Captioned web images:
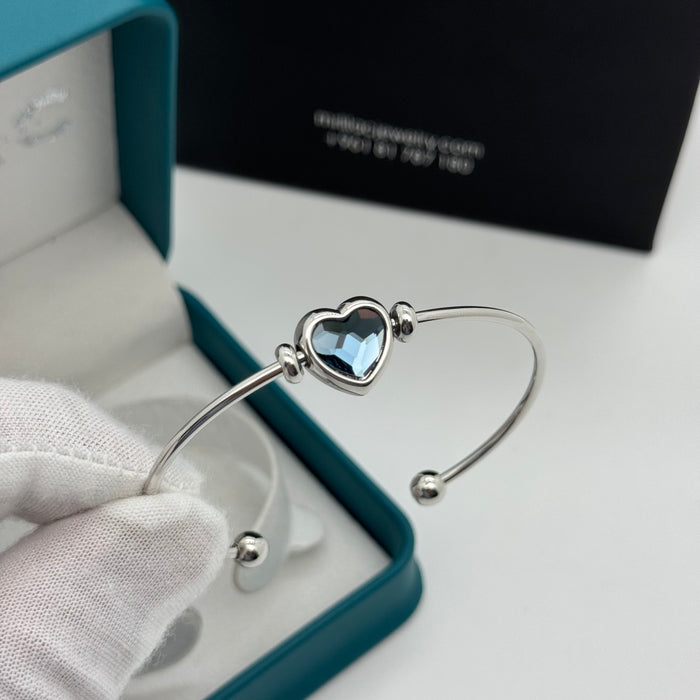 Blue Heart Crystal Stainless Steel By Swarovski Crystal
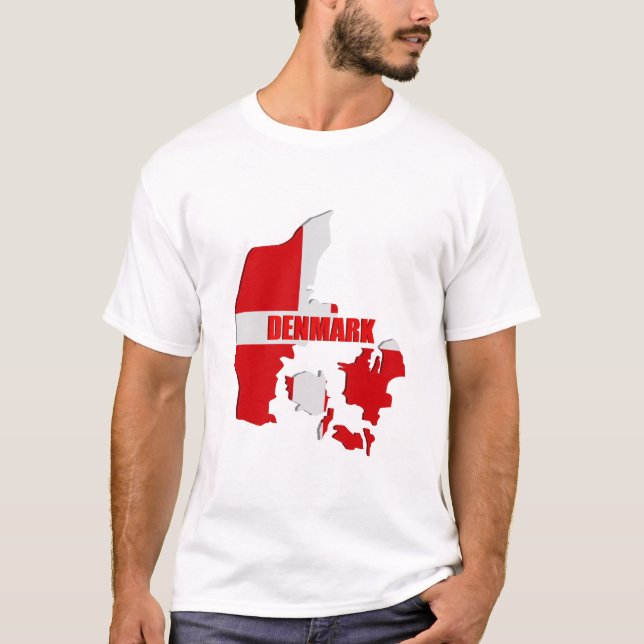 Danmark karta t shirt (Framsida)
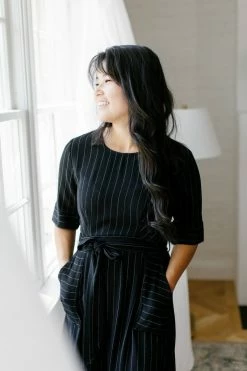 Tea N Rose 'Halle' Pin Stripe Dress In Black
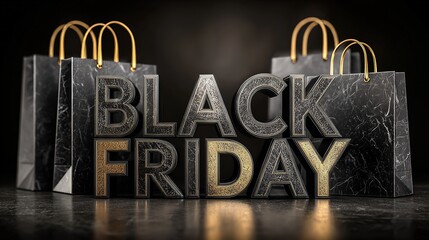 Large BLACK FRIDAY text with exquisite metallic finish centered, flanked symmetrically by black marble-texture bags with golden handles on dark background, premium and mysterious promotion scene
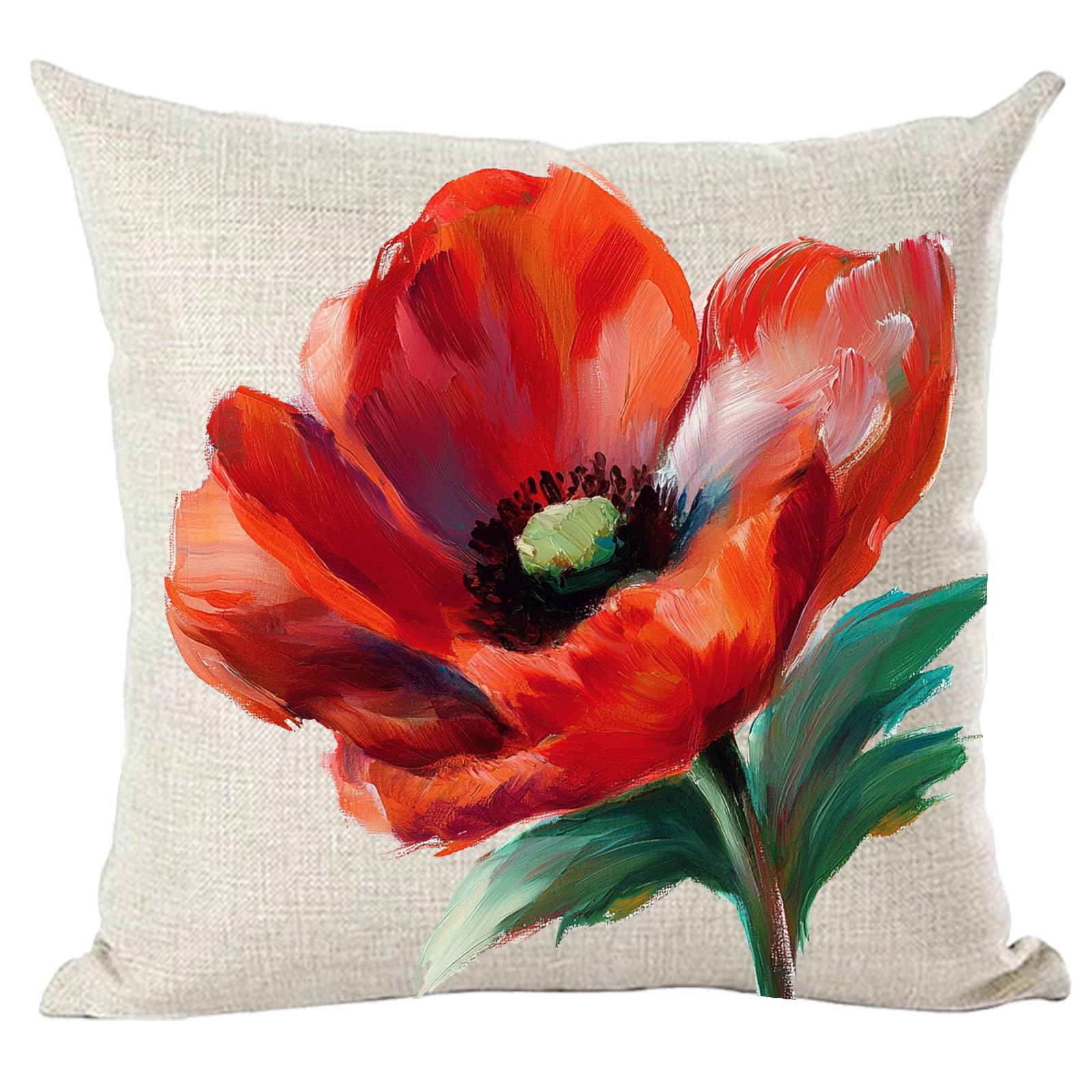 Photo 1 of Ramirar Ink Oil Painting Watercolor Red Orange Poppy Flower Gift for Flower Lover Decorative Throw Pillow Cover Case Home Living Room Bed Sofa Car Cotton Linen Square 18 x 18 Inches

- What to work on -
Leave out the pictures and transcribe the entries above exactly.

- Result -
 Blue Heart Crystal Stainless Steel By Swarovski Crystal
 Danmark karta t shirt (Framsida)
 Tea N Rose 'Halle' Pin Stripe Dress In Black
 Large BLACK FRIDAY text with exquisite metallic finish centered, flanked symmetrically by black marble-texture bags with golden handles on dark background, premium and mysterious promotion scene
 Photo 1 of Ramirar Ink Oil Painting Watercolor Red Orange Poppy Flower Gift for Flower Lover Decorative Throw Pillow Cover Case Home Living Room Bed Sofa Car Cotton Linen Square 18 x 18 Inches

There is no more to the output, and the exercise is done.